Old AMM problem
Update: A solution appears on page 167 of the February 2012 issue of the American Mathematical Monthly. There were only three solvers, so we can deduce that this question was unusually difficult for a Monthly problem.
Lemma: Let $X$ and $Y$ be real symmetric $n \times n$ matrices, where the eigenvalues of $X$, $Y$ and $X+Y$ are $\alpha_1 \geq \alpha_2 \geq \cdots \geq \alpha_n$, $\beta_1 \geq \beta_2 \geq \cdots \geq \beta_n$ and $\gamma_1 \geq \gamma_2 \geq \cdots \geq \gamma_n$ respectively. Then $\sum_{i=1}^k \alpha_i + \sum_{i=1}^k \beta_i \geq \sum_{i=1}^k \gamma_i$. Moreover, if we have equality, then we can change bases so that $X$ and $Y$ are simultaneously block diagonal with blocks of size $k \times k$ and $(n-k) \times (n-k)$, and the eigenvalues of the first blocks are $(\alpha_1, \ldots, \alpha_k)$ and $(\beta_1, \ldots, \beta_k)$.

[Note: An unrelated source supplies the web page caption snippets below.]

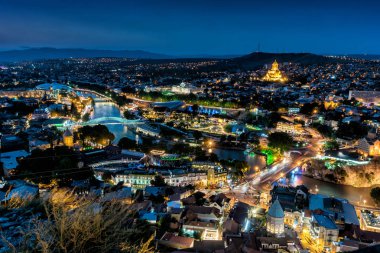 Tiflis şehir gece manzarası. Gürcistan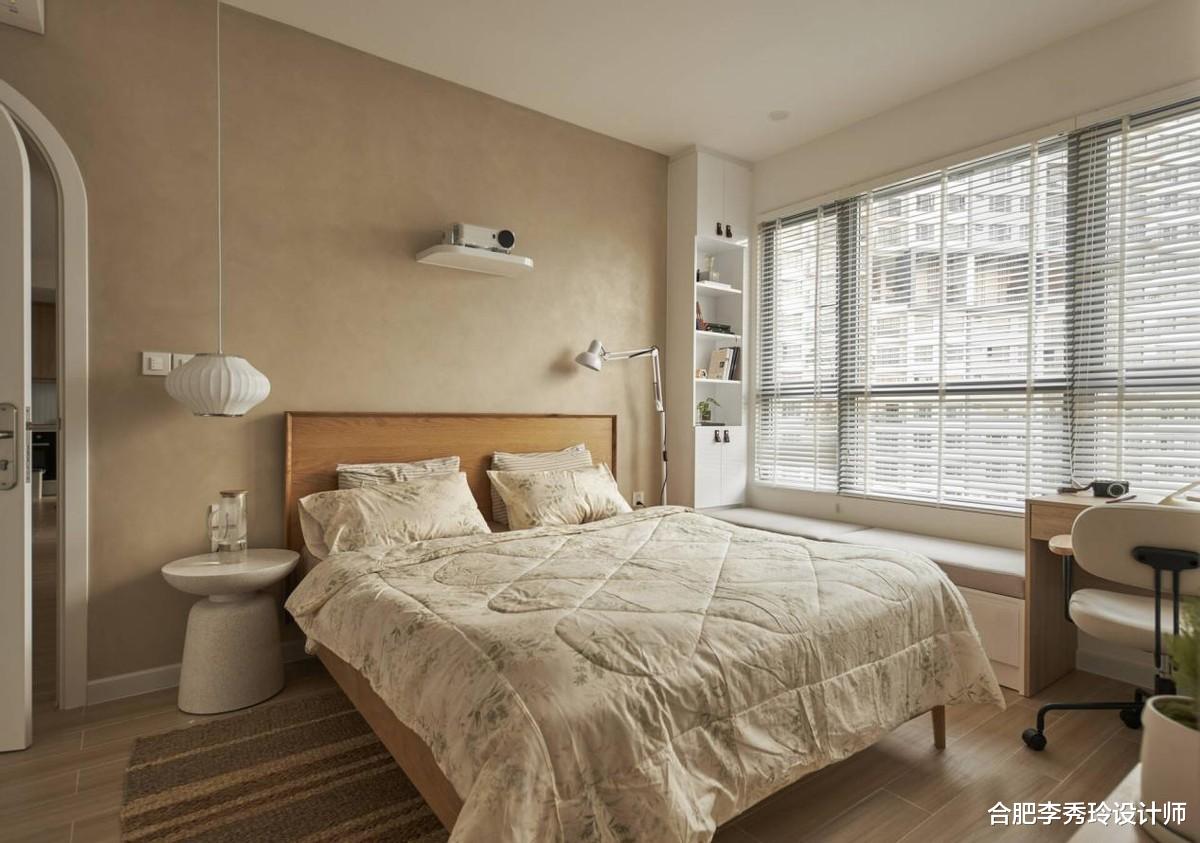 对于小户型,“去客厅化”非常有远见,用餐厅替代这是聪明的设计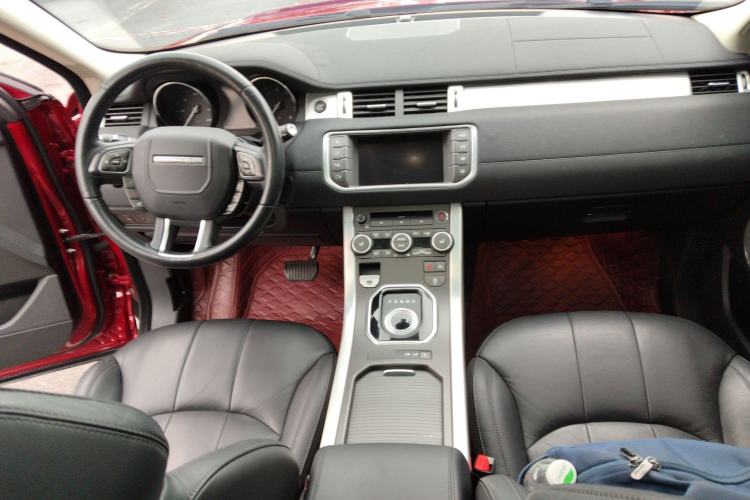 Used Land Rover Range Evoque 2016 2.0T SE Smart Glow Edition Center Console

Remark: Note that I have deliberately used different variable names than Beni. One of the things that made this problem tricky for me was that I had to apply this lemma in several different ways, with different matrices playing the roles of $X$ and $Y$.

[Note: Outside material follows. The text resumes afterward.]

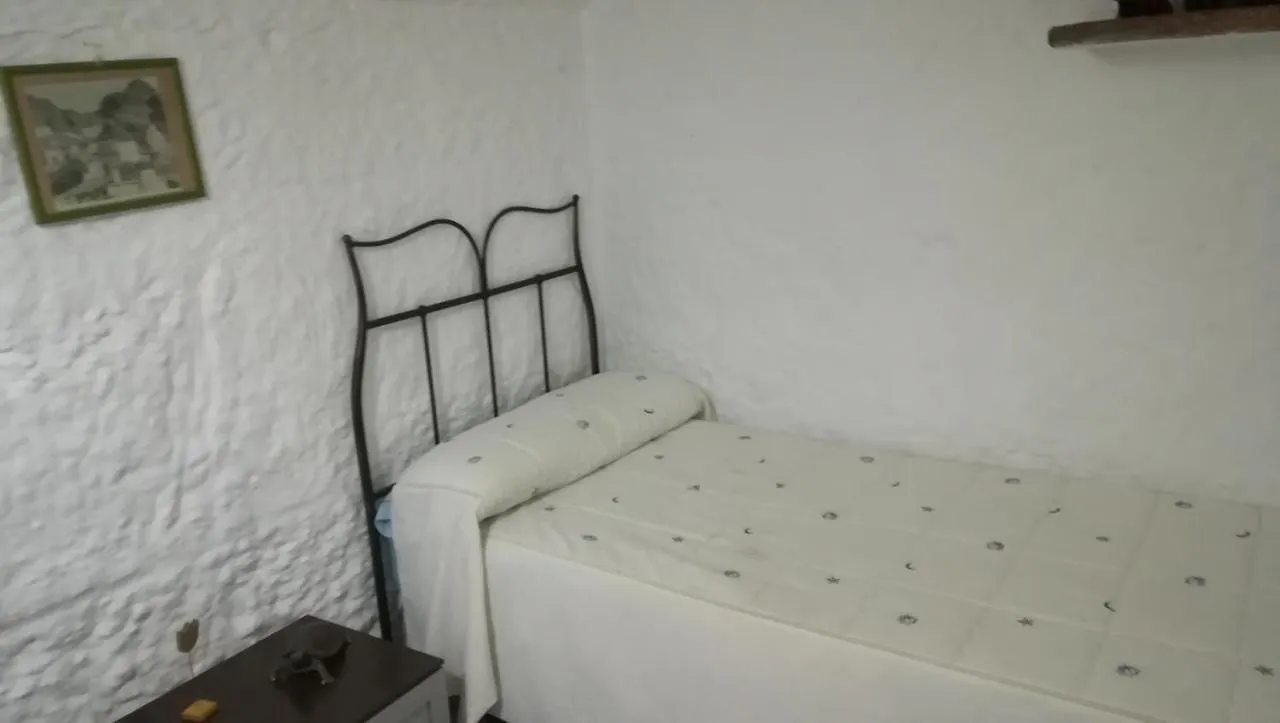 Casa Cueva El Algarrobo Hotel Guadix Campsite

Proof: Thinking of $X$ and $Y$ as quadratic forms, it makes sense to restrict them to subspaces of $\mathbb{R}^n$. With this understanding, we have $\sum_{i=1}^k \alpha_i = \max_{V \in G(k,n)} \mathrm{Tr} X|_V$, where the max ranges over $k$-dimensional subspaces of $\mathbb{R}^n$. Moreover, the maximum is achieved precisely when $X \cdot V = V$, and the eigenvalues of $X|_V$ are $(\alpha_1, \ldots, \alpha_k)$. When all the $\alpha$'s are distinct, this can be expressed more easily by saying that $V$ is the span of the eigenvectors associated to the largest $k$ eigenvalues.
We want to show that $$\max_{V \in G(k,n)} \mathrm{Tr} X|_V + \max_{V \in G(k,n)} \mathrm{Tr} Y|_V \geq \max_{V \in G(k,n)} \mathrm{Tr} \left( X+Y \right)_V$$ or, equivalently, $$\max_{(V,W) \in G(k,n)^2} \mathrm{Tr} \left( X|_V + Y_W \right) \geq \max_{V \in G(k,n)} \mathrm{Tr} \left( X|_V +Y|_V \right)$$ But this is obvious, because the right hand maximum is over a larger set.
Moreover, if we have equality, then there is some $k$-plane $V$ with $XV=YV =V$ and where the eigenvalues of $X|_V$ and $Y|_V$ are $(\alpha_1, \ldots, \alpha_k)$ and $(\beta_1, \ldots, \beta_k)$. This is precisely the required claim about being block diagonal. $\square$
Let $A$ and $B$ be as in the problem. Let the eigenvalues of $A$ be $\lambda^{+}_1 \geq \cdots \geq \lambda^{+}_{p^{+}} > 0 =0=\cdots=0 > \lambda^{-}_{1} \geq \cdots \geq \lambda^{-}_{p_{-}}$. Define $\mu^{+}_i$, $\mu^{-}_i$, $q^{+}$ and $q^{-}$ similarly. Then, as Beni explains, we have $p^{+}+p^{-} + q^{+} + q^{-} \leq n$, and the eigenvalues of $X+Y$ are the concatenation of the $\lambda^{\pm}_i$'s, the $\mu^{\pm}_i$'s, and $n-p^{+}-p^{-} - q^{+} - q^{-}$ copies of $0$.
Apply the lemma with $k=p^{+}+q^{+}$, $X=A$ and $Y=B$. This shows that we can split into two smaller problems, one where all the $\lambda$'s and $\mu$'s are positive and another where they are all nonpositive. We will focus on the first block; the second block is similar.
So we are reduced to the case that $A$ and $B$ have no negative eigenvalues.
Now, we use induction on $n$. The base case $n=1$ is easy. Without loss of generality, let $\lambda^{+}_1 \geq \mu^{+}_1$. So $\lambda^{+}_1$ is the greatest eigenvalue of both $A$ and $A+B$.
Apply the lemma with $k=1$, $X=A+B$ and $Y=-B$. The greatest eigenvalue of $-B$ is $0$. So the greatest eigenvalue of $(A+B)+(-B)$ is the sum of the greatest eigenvalues of $A+B$ and $-B$, and we conclude that we can split off a $1 \times 1$ block from $A+B$ and $-B$, where the block of $-B$ is zero.
The product of the $1 \times 1$ blocks is $0$, and by induction the product of the other blocks is $0$ as well.